Копка картошки заняла весь день, благо был он пасмурным и нежарким. Да и урожай радовал – сам-восемь, по словам родителей Фо, вышло. А вечером мы сидели посреди убранного огорода, пекли клубни в костре из картофельных бодыльев и ели жирную вкуснющую скумбрию, порезанные тушки которой, по традиции, выложили на старую промасленную газетку. Мать Светы, Антонина Петровна, старалась получше накормить меня:
– Ешьте, Ната, ешьте. Теперь это и ваш участок, ваш дом. Надо будет вам ключи сделать, на всякий случай.
Я разламывала крахмальные клубни, черные и страшные снаружи и бело-рассыпчатые внутри, брала с газетного листа рыбу и уже не спорила.
Спор был еще в июне, когда Фо огорошила новостью о том, что внесла меня в список арендаторов дачного участка, и теперь я буду в случае блокады получать дополнительный паек. Я попыталась отговориться:
– Я же не член семьи…
– Не выдумывай! Пока живешь у меня – как раз входишь в семью, да и потом, надеюсь, тоже – Света ловко разделывала селедку, я старалась на это не смотреть.
– Но участок на троих…
– На четверых. – Она шлепнула на черный хлеб селедочную икру, притрусила нашинкованным луком и протянула мне. – Ешь, любишь ведь. Участок выдали на четверых, но муж при разводе оставил долю мне.
– Муж? – Хорошо, я не успела откусить бутерброд, иначе поперхнулась бы. – Ты замужем?
– Я же нормальный человек и замужем была. – Она рассмеялась. – Не ожидала? Не бойся, драм не было. Он у нас аналитиком работал, по распределению, потом получил вызов из Москвы, ну и уехал.
– Без тебя? – Я спросила осторожно, потому что ситуации бывают разные.
– А что я в той Москве забыла? Мне ее и во время учебы во как хватило! – Фо резко провела ладонью над головой, на нос ей упала капля селедочного сока, и она брезгливо поморщилась. – Он уехал, а я к ребятам в команду перешла, мне же лучше. Подай уксус, пожалуйста.

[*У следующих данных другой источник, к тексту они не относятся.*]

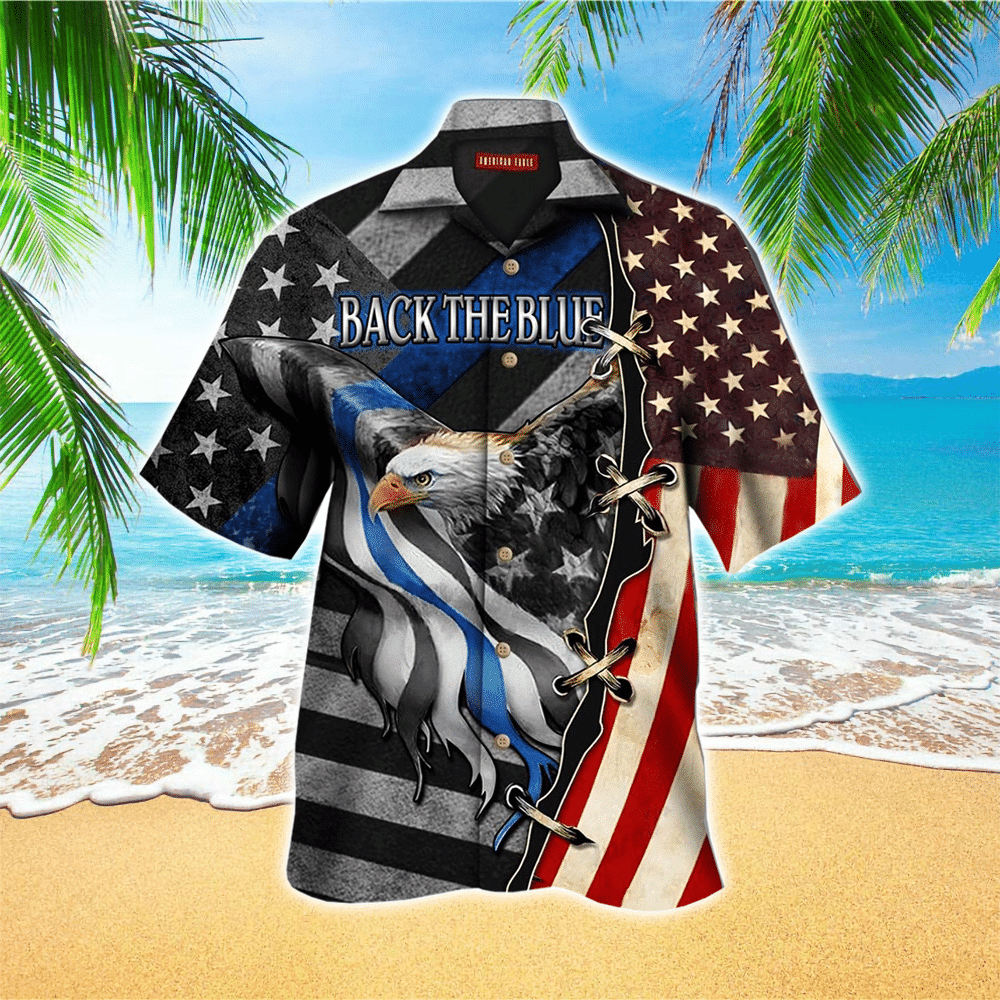 Back The Blue US Police Hawaiian Shirt With American Eagle Summer Aloha Shirt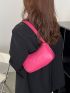 Neon Pink Snakeskin Embossed Baguette Bag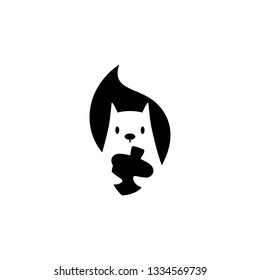 squirrel logo vector icon is holding nuts illustration in negative space style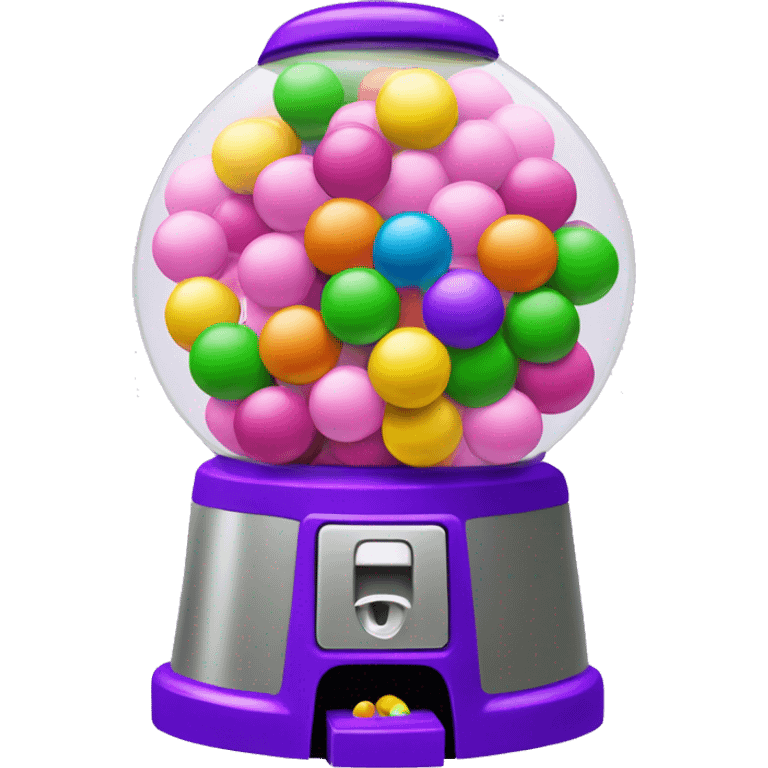 gumball machine with balls color purple, pink, green , and yellow emoji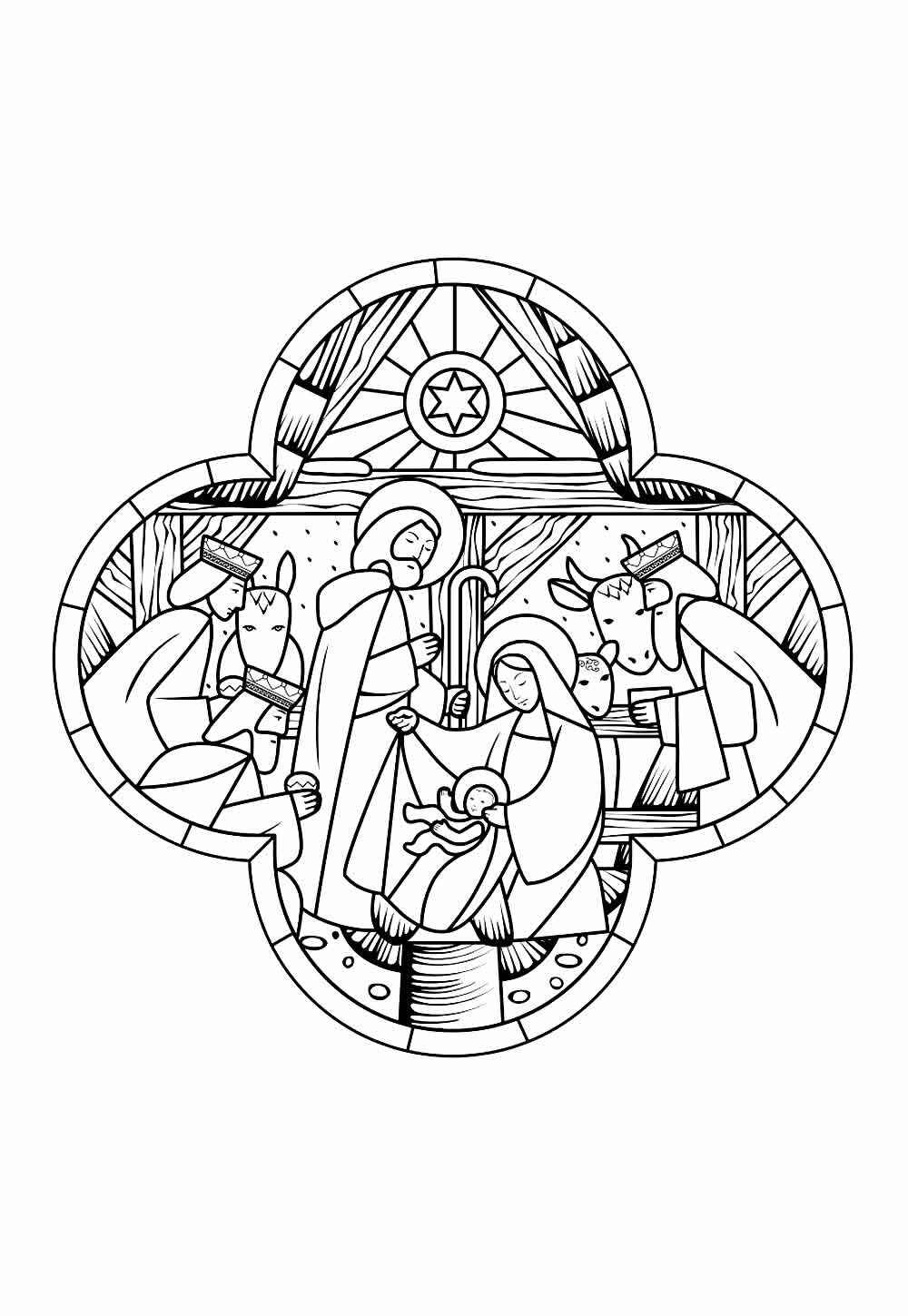 desenho sagrada família para colorir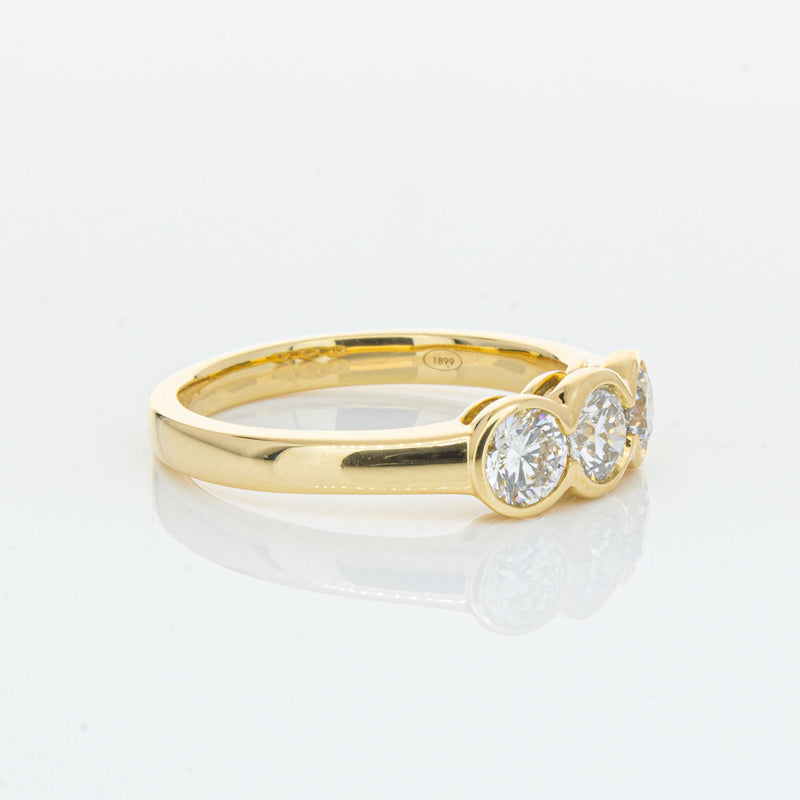 18ct Yellow Gold .91ct Diamond Three-Stone Natalia Ring-Ring-Walker & Hall
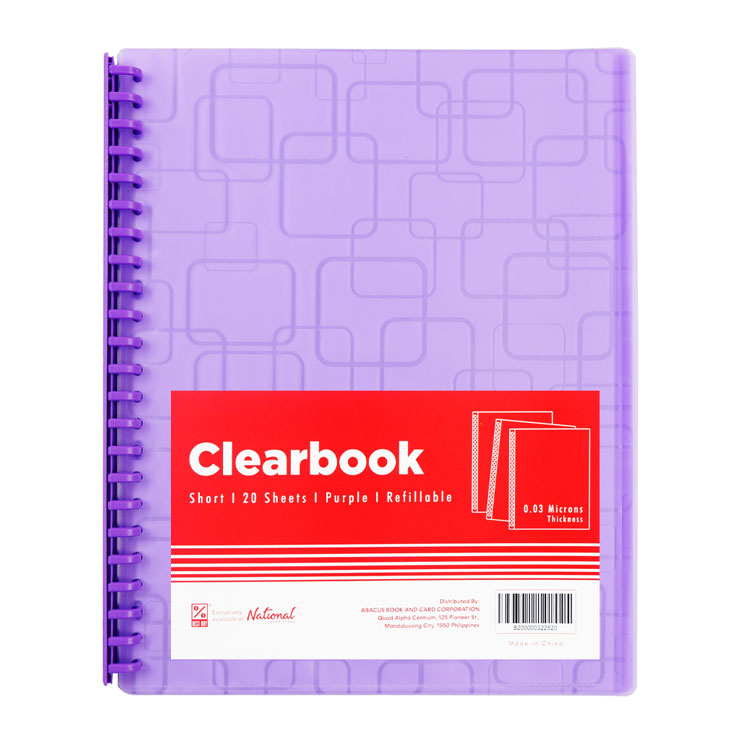 Best Buy Clearbook Refillable Short Purple 20 Sheets 23 Holes Big Square Design 0.03 Microns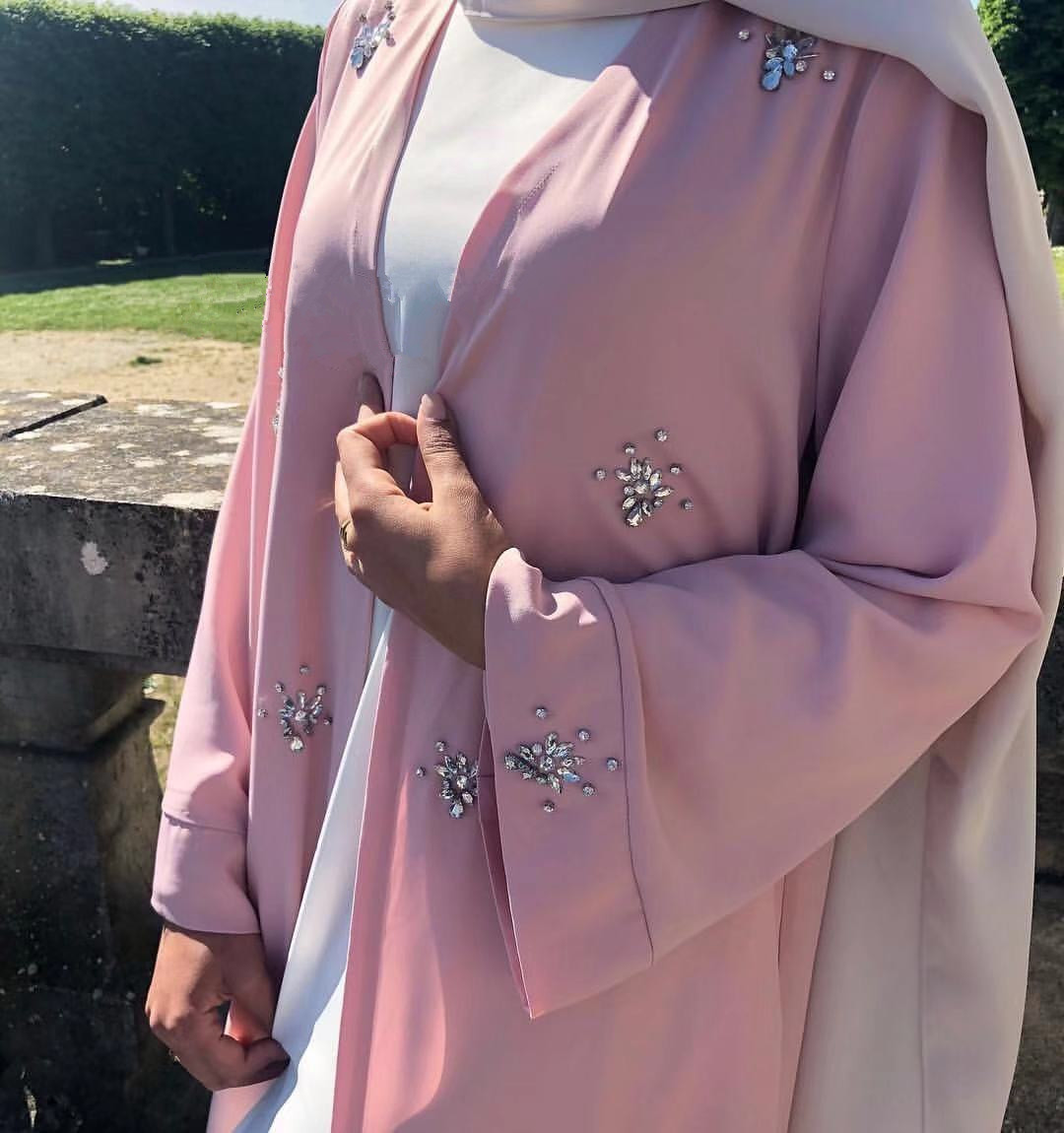 Best Selling Arabic Islamic Clothing Front Muslim Abaya for Ladies with Diamond Stones Decoration
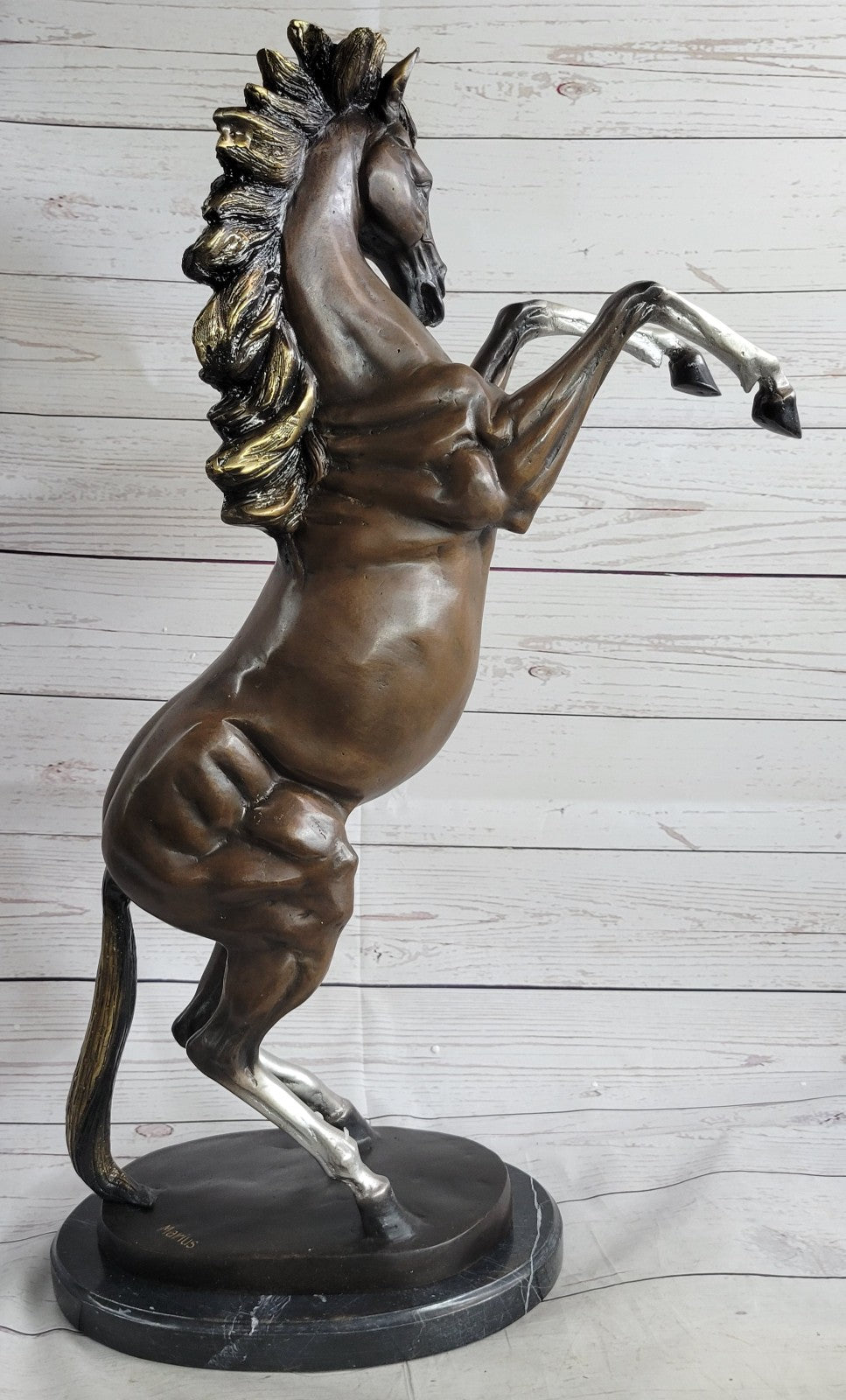 Bronze Sculpture Numbered Limited Edition Stallion Horse  Animal Hand Made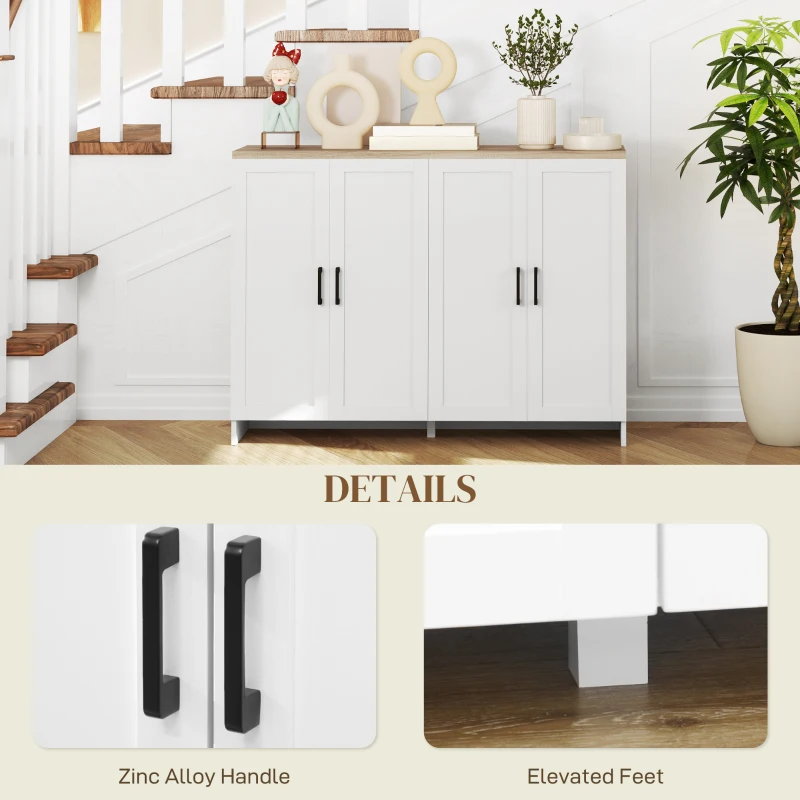 HOMCOM Modern Sideboard Buffet Cabinet, Modern Kitchen Storage Cabinet with 4 Doors Adjustable Shelves, for Dining Room, White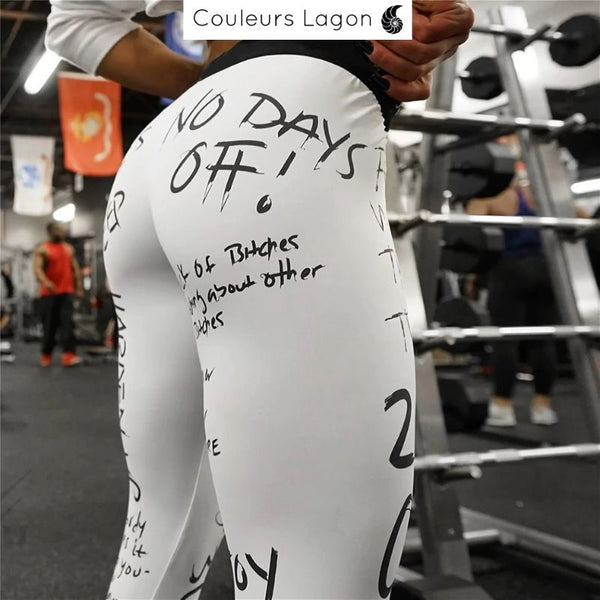 Leggings Crossfit Harden Ocean - Couleurs Lagon - blanc dos gros plan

– Я сама заправку сделаю. – Я полезла в шкафчик за маслом и горчицей. – Тут уксуса много нельзя.
– Делай. Ну уехал и уехал, а земля нам отошла. Нам троим ее много, обрабатывать тяжело, а тебе в любом случае от конторы выделили бы латку, так что все отлично. И не спорь!
Спорить я тогда перестала, хотя чувство вины все же немного портило мне настроение, потому что все лето я бегала то на медицинские курсы, то в тир, то задерживалась на работе, поэтому с огородом помочь не могла. Теперь же старалась реабилитироваться ударной копкой и за день перелопатила получастка, из-за чего руки болели, как и натруженная ступня: подошва полукед оказалась слишком мягкой, и я набила ногу о лопату.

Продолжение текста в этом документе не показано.